BEGIN Study material
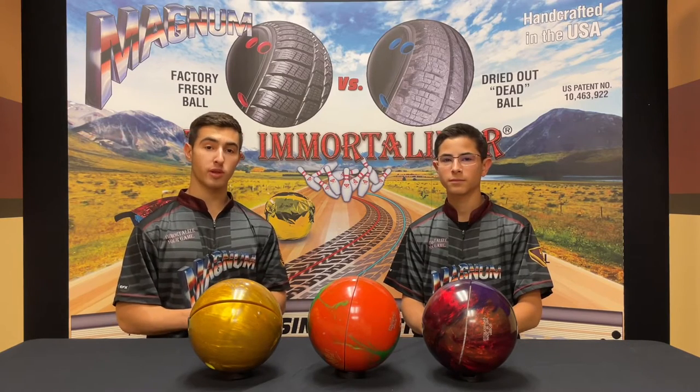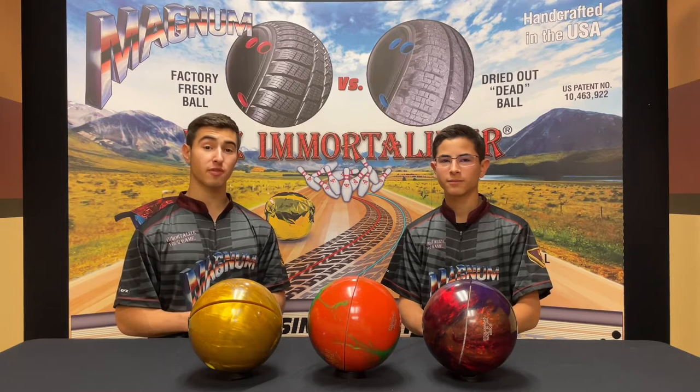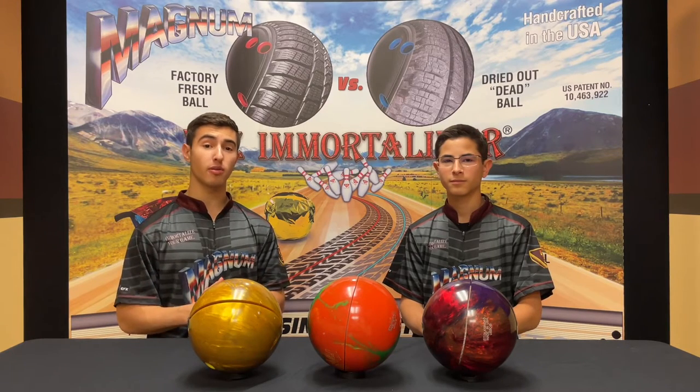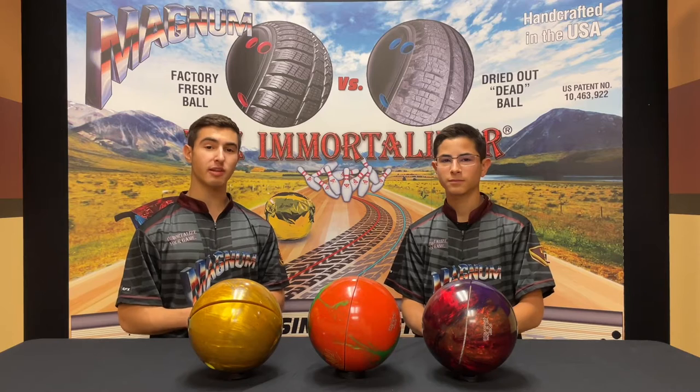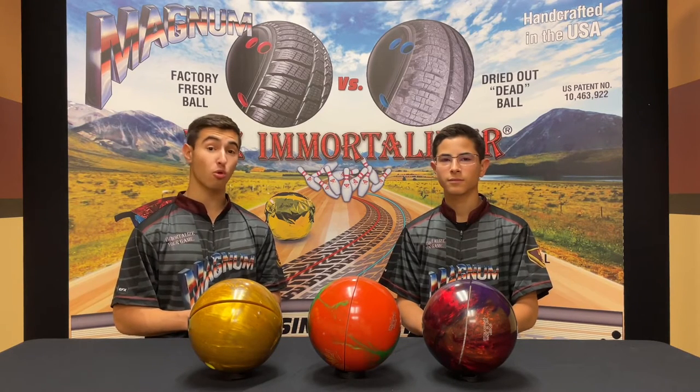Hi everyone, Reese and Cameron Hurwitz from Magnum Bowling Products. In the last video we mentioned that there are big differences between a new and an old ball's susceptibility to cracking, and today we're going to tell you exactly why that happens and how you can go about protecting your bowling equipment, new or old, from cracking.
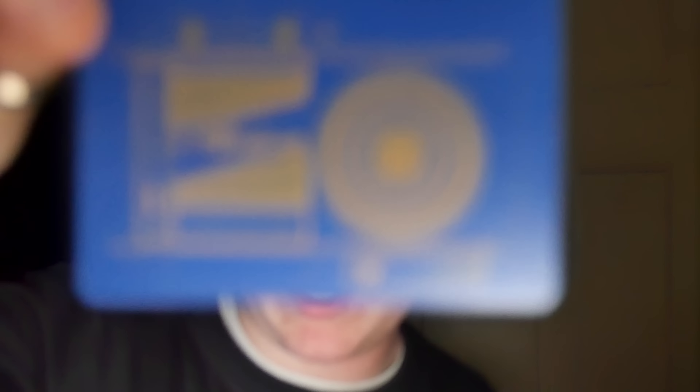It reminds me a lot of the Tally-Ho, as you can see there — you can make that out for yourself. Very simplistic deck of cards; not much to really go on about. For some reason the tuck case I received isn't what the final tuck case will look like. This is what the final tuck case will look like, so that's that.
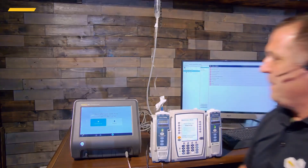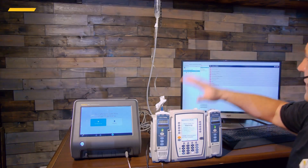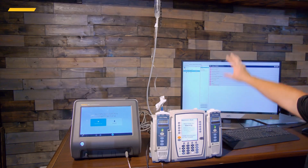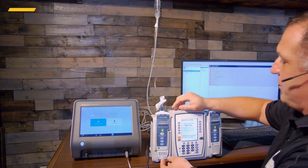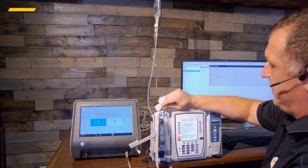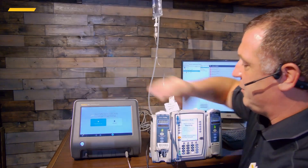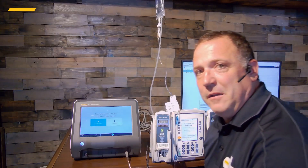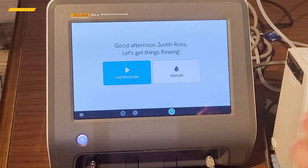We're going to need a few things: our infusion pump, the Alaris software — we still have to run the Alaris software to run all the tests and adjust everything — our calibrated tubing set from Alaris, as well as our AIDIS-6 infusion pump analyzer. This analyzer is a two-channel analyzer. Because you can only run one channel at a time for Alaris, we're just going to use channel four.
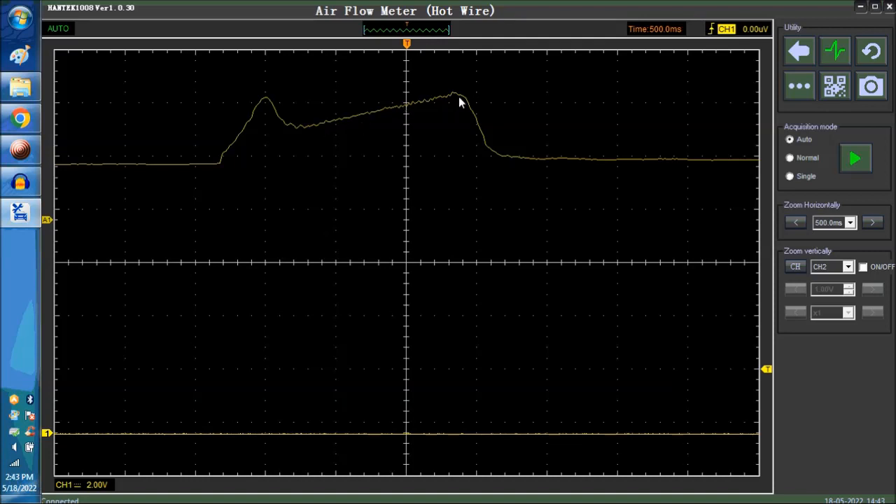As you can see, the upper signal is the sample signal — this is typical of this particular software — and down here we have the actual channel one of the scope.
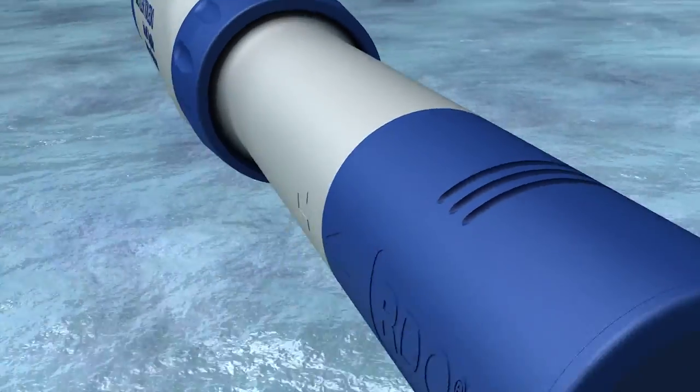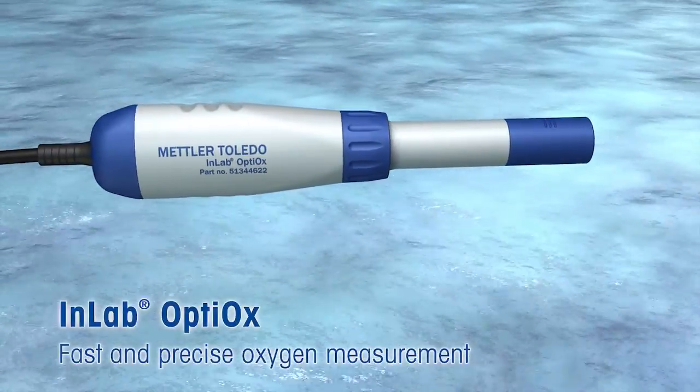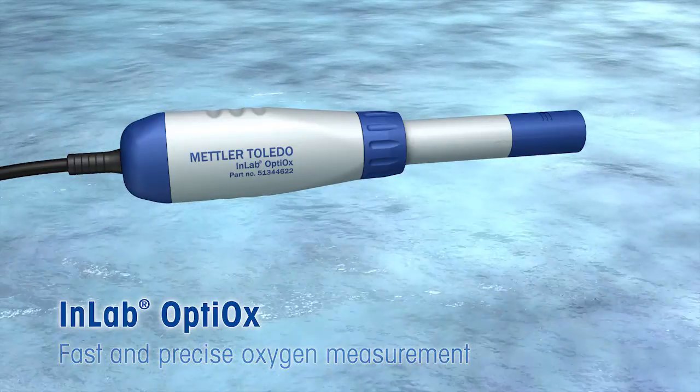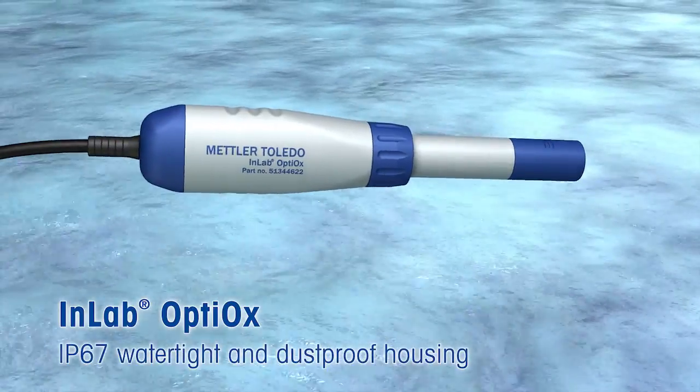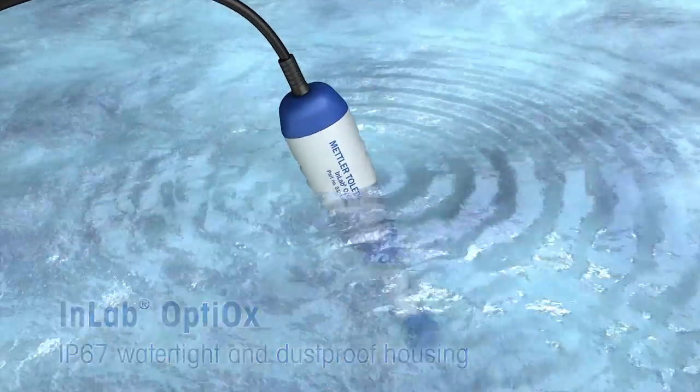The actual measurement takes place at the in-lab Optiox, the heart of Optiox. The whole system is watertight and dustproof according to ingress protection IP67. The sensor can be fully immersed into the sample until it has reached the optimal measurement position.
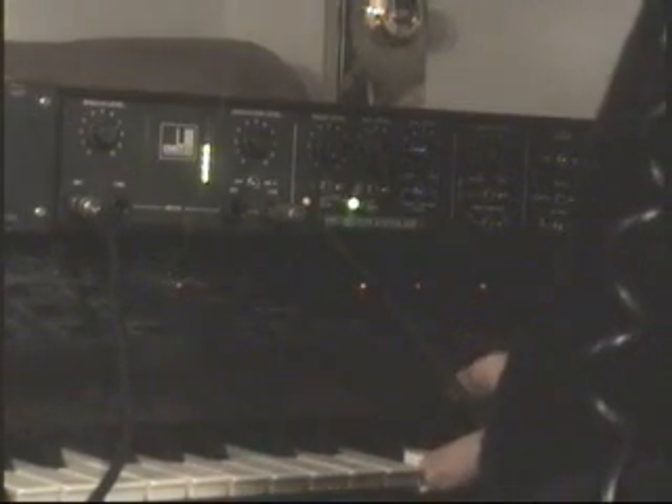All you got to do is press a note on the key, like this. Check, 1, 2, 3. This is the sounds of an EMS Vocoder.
END Study material
Activity ->
Images are not part of the copy. Everything else in the records must be reproduced exactly.

Output of the task ->
Hi everyone, Reese and Cameron Hurwitz from Magnum Bowling Products. In the last video we mentioned that there are big differences between a new and an old ball's susceptibility to cracking, and today we're going to tell you exactly why that happens and how you can go about protecting your bowling equipment, new or old, from cracking.
It reminds me a lot of the Tally-Ho, as you can see there — you can make that out for yourself. Very simplistic deck of cards; not much to really go on about. For some reason the tuck case I received isn't what the final tuck case will look like. This is what the final tuck case will look like, so that's that.
We're going to need a few things: our infusion pump, the Alaris software — we still have to run the Alaris software to run all the tests and adjust everything — our calibrated tubing set from Alaris, as well as our AIDIS-6 infusion pump analyzer. This analyzer is a two-channel analyzer. Because you can only run one channel at a time for Alaris, we're just going to use channel four.
As you can see, the upper signal is the sample signal — this is typical of this particular software — and down here we have the actual channel one of the scope.
The actual measurement takes place at the in-lab Optiox, the heart of Optiox. The whole system is watertight and dustproof according to ingress protection IP67. The sensor can be fully immersed into the sample until it has reached the optimal measurement position.
All you got to do is press a note on the key, like this. Check, 1, 2, 3. This is the sounds of an EMS Vocoder.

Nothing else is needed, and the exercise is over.